DO search for tickets one at a time

 

 

Even if you’re flying with a group. Airlines often sell multiple fare classes at different prices, with a couple seats in each class. If there's only one seat left in the lowest fare class and you search for four seats, most automated systems will show you the highest fare class for all four tickets. Try searching one at a time, just in case there are limited seats on sale. This way, you'll rest assured that at least some, if not all, of your tickets were purchased for the lowest possible price. If you lock in the cheap fare and have the option to select seats, pick one next to an empty seat; then, immediately book the second ticket and select the seat next to the first one. It takes a little time and effort, but can really pay off.

 

 

 

DO jump on a hot fare when you see it.
 

Airlines are required by the DOT to offer 24-hour free hold or cancellations as long as you are booking your ticket 7 days prior to your travel date. Typically, you'll have to pay first, then you get the full refund. The only exception is American Airlines, which is transitioning to this policy, but still offers a free hold for 24 hours.

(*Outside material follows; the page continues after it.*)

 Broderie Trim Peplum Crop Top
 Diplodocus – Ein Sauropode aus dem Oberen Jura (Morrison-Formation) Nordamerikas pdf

The other big exception to note is that you have to book with the airline directly. This rule doesn't apply if you book your ticket with an OTA (online travel agency), like Expedia or Orbitz.

 

 


DON'T be afraid of the layover.

 

Even though a nonstop is ideal, you can sometimes save $100-$200 by stretching your legs during a plane change. Some airlines, like Icelandair, also offer free stopovers -- meaning you can extend your stay in the layover city and make it part of your vacation.